• _THE TASK_: Only the pictures are dropped; the lines of the material that follow are returned exactly.

• _STUDY MATERIAL_:
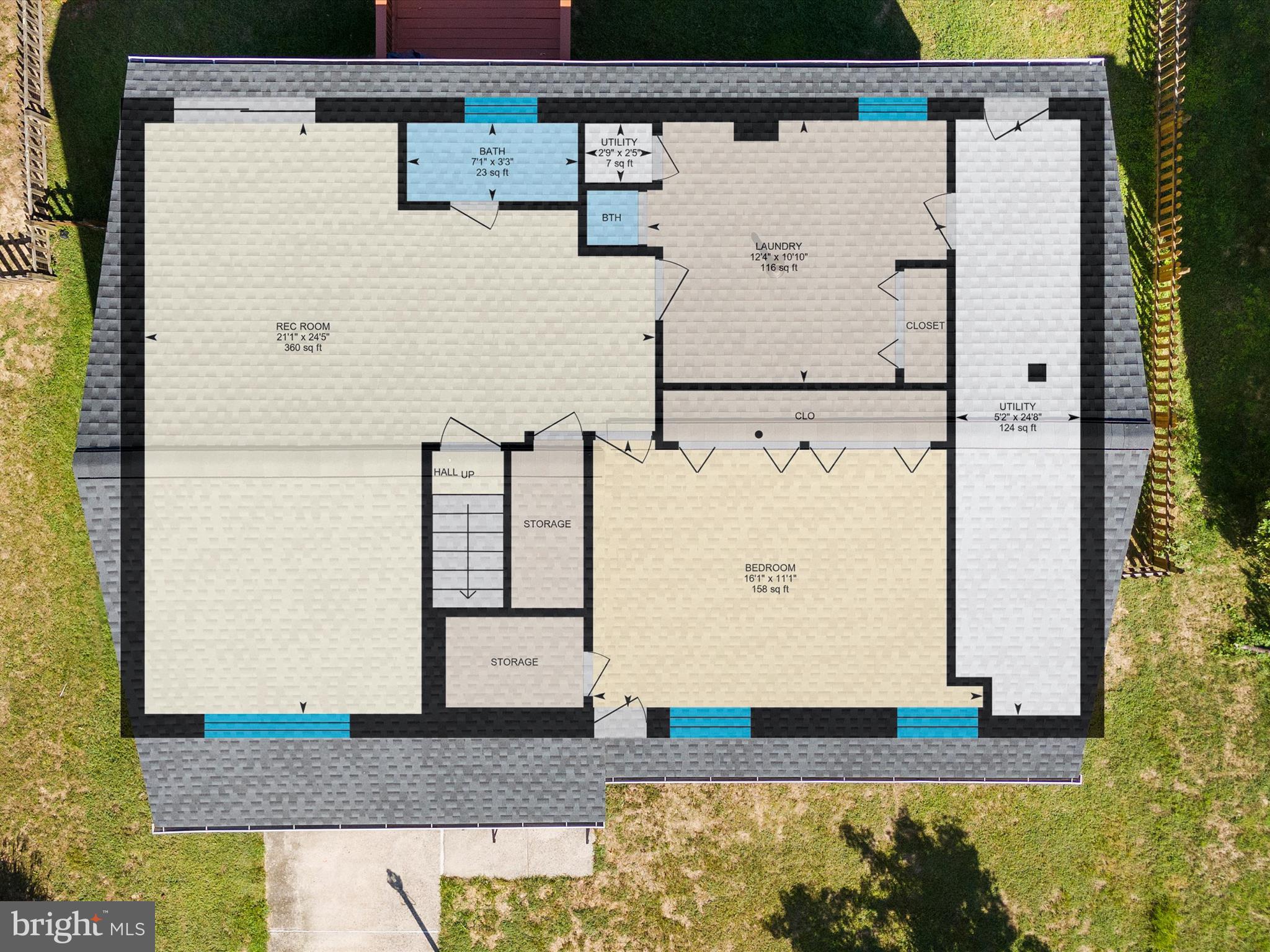 7715 Pecan Leaf Road Severn, MD 21144 - Photo 54 of 56 Gallery Image 54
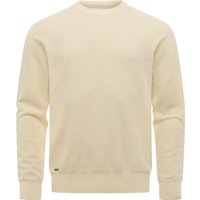 Ragwear Rundhalspullover "Orien" 1 Strickpullover mit Rundhals-Ausschnitt Ragwear Rundhalspullover "Orien" 1 Strickpullover mit Rundhals-Ausschnitt von Ragwear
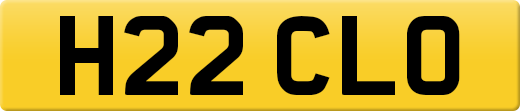 H22CLO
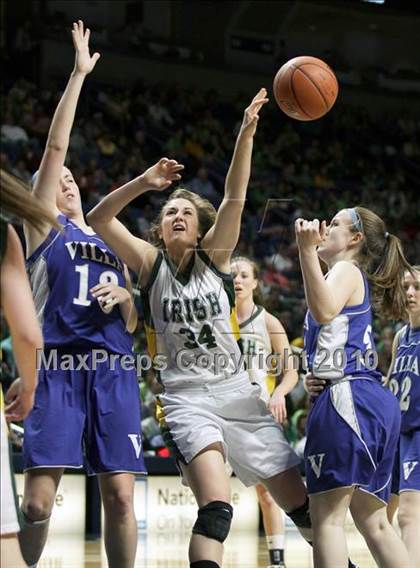Thumbnail 1 in York Catholic vs. Villa Maria Academy (PIAA Class AA Championship) photogallery.
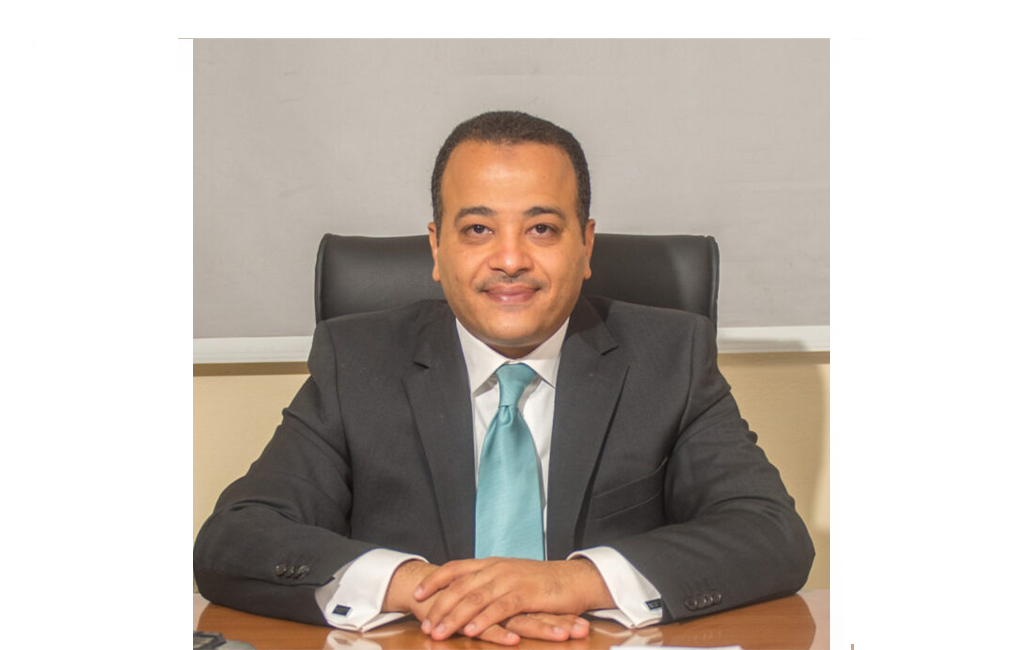 Ali Ahmed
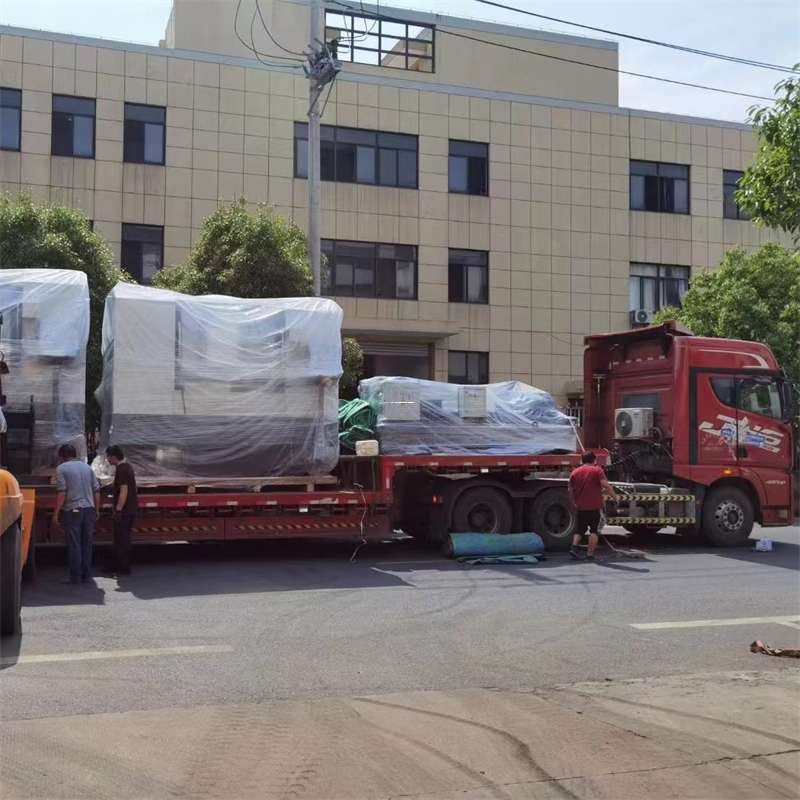 江苏南京白下到南京物流公司一站式服务，让货运更轻松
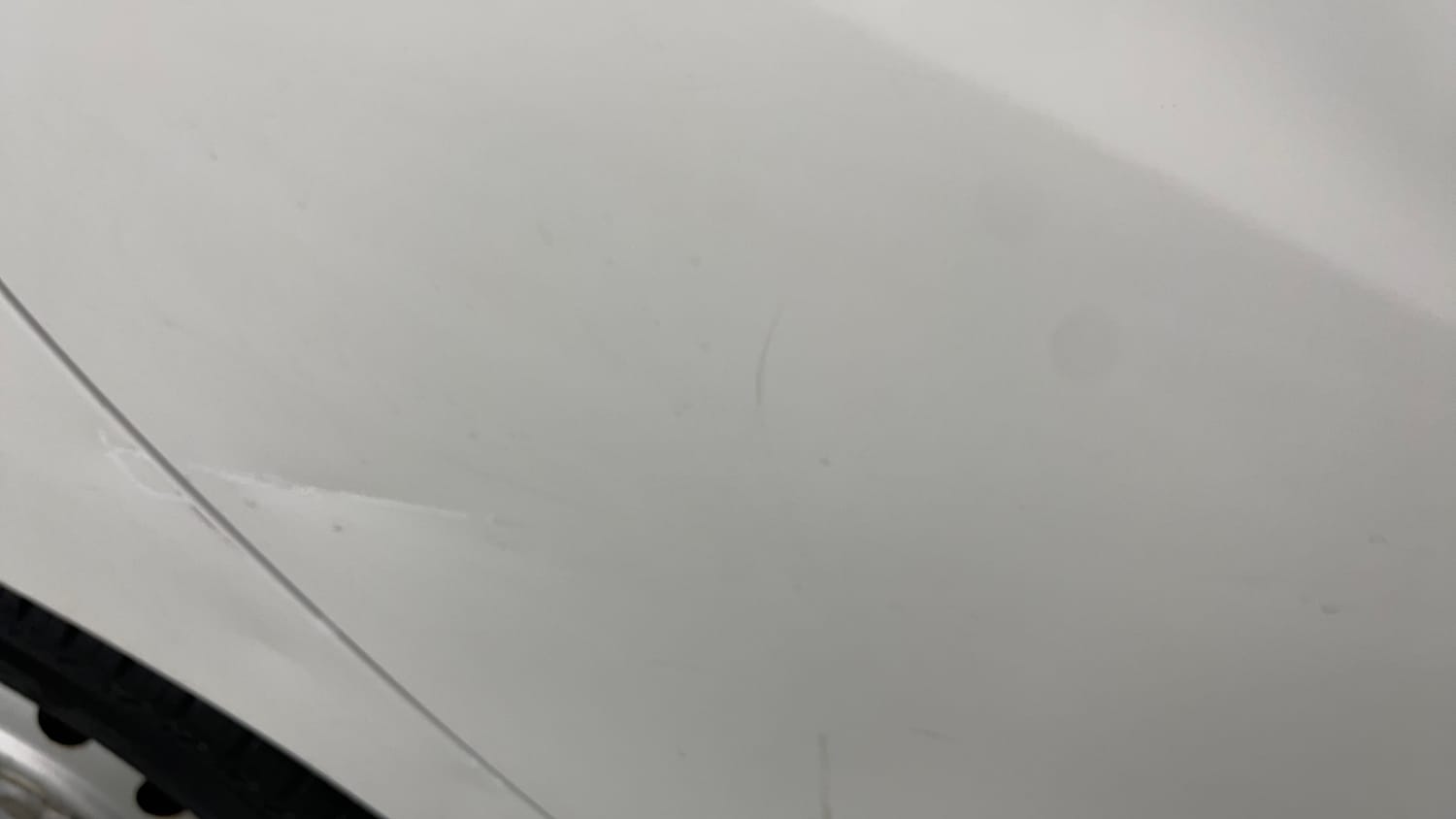 Used 2016 Hyundai Eon Era Petrol Manual dents MINOR DENT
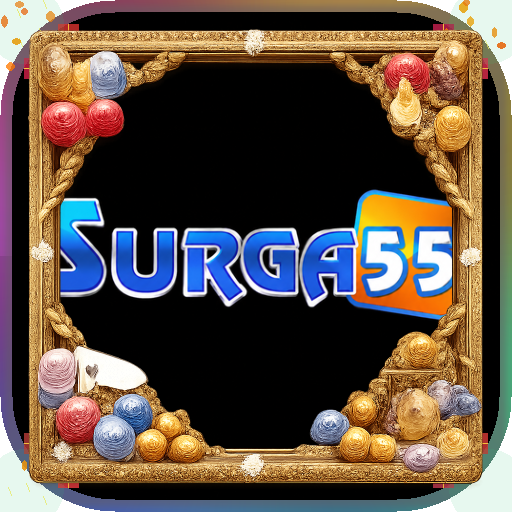 surga55 — mitra unggulan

• _ANSWER SPACE_:
 7715 Pecan Leaf Road Severn, MD 21144 - Photo 54 of 56 Gallery Image 54
 Ragwear Rundhalspullover "Orien" 1 Strickpullover mit Rundhals-Ausschnitt Ragwear Rundhalspullover "Orien" 1 Strickpullover mit Rundhals-Ausschnitt von Ragwear
 H22CLO
Thumbnail 1 in York Catholic vs. Villa Maria Academy (PIAA Class AA Championship) photogallery.
 Ali Ahmed
 江苏南京白下到南京物流公司一站式服务，让货运更轻松
 Used 2016 Hyundai Eon Era Petrol Manual dents MINOR DENT
 surga55 — mitra unggulan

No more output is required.